Will be on Palawan in a day or two, renting a motorbike exploring small villages. 
does anyone who have solid advice. 
Thanks in advance .


----------



## Asian Spirit (Mar 1, 2010)

northwoods said:


> Will be on Palawan in a day or two, renting a motorbike exploring small villages.
> does anyone who have solid advice.
> Thanks in advance .


Asking "locals" for advice on those groups when you get there might not be a good idea as the ones you ask could potentially be part of one of the groups you have concerns about.

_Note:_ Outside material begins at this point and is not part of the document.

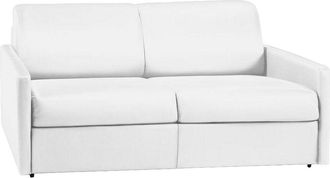 Vente-Unique Sof&aacute; cama de 3 plazas tipo italiano de piel sint&eacute;tica CALIFE - Blanco - Somier de l&aacute;minas de 140 cm - Colch&oacute;n de 18 cm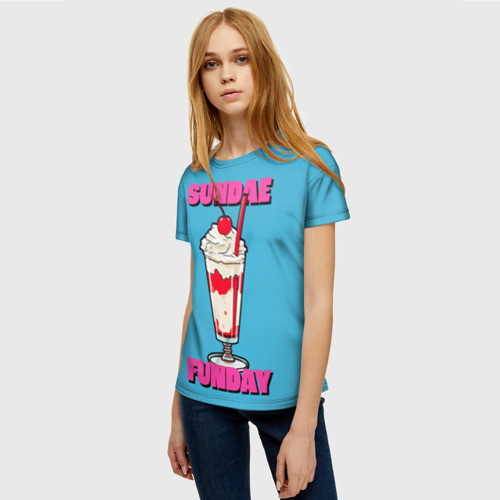 Женская футболка 3D Мороженое - Фаст фуд, цвет 3D печать - фото 3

I've not been to that part of the country before so would suggest you wait till you arrive and visit with the federal police in whatever area you are considering for rides. This is one of the few times or purposes that I'd trust the police.


----------



## northwoods (Nov 14, 2013)

Thanks Jet
yes i made it from Northern Wisconsin to Quezon City, Stone House Bed and Breakfast.
in one of our posts you said i was up for a huge change in climate, you're very correct! 
however i'm doing excellent, i've cut my cigarette and coffee usage by apx 75%, 
without really trying... i feel very good ! The Filipinos are great i left 80% of my stress back in USA . 
I'm here with my Fiancee and upon meeting her Family several times, i couldn't be more satisfied!
many of the members here have expressed concerns, regarding extended family. 
Regular members know exactly where this idea is going ... 
The Family is great the only expectations are proper care for their daughter, 
and i enjoy their company and jokes.
Thanks for all the great members who have shared. :yo:


----------



## simonsays (Feb 11, 2009)

I been in palawan and theres no sign of MILF .. though splinter groups of NPA exist all over Philippines ...

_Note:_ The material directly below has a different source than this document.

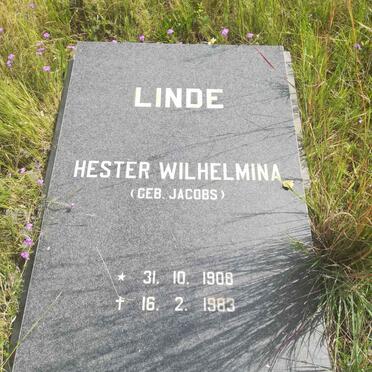 LINDE Hester Wilhelmina nee JACOBS 1908-1983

and Abu sayaf kidnapped tourists from Dos Palmas years ago ... though nothing happened ever since ...

I that good info enough ?


----------



## northwoods (Nov 14, 2013)

hello and thanks you too.
the drinks are good tonight  
we leave tomorrow:tea:

Chuck and Roselyn


----------



## Cebu Citizen (Dec 13, 2013)

Right behind you Northwoods...I should be in Palawan in about two weeks, (May 8th or 9th), for some awesome scuba diving and then visit a few families we helped in Leyte after Yolanda. But Palawan first for some serious stress relief and then on to Letye and Samar before heading home again.


----------



## Palawenio (Mar 4, 2014)

Northwoods : I still say it's too bad you left Philippines on the same day I arrived.. 
Another "it's not meant to be" incident.


----------



## northwoods (Nov 14, 2013)

*palaweno*



Palawenio said:


> Northwoods : I still say it's too bad you left Philippines on the same day I arrived..
> Another "it's not meant to be" incident.


saw your posts ..
yep we should have met up .
are you on palawan now ?


----------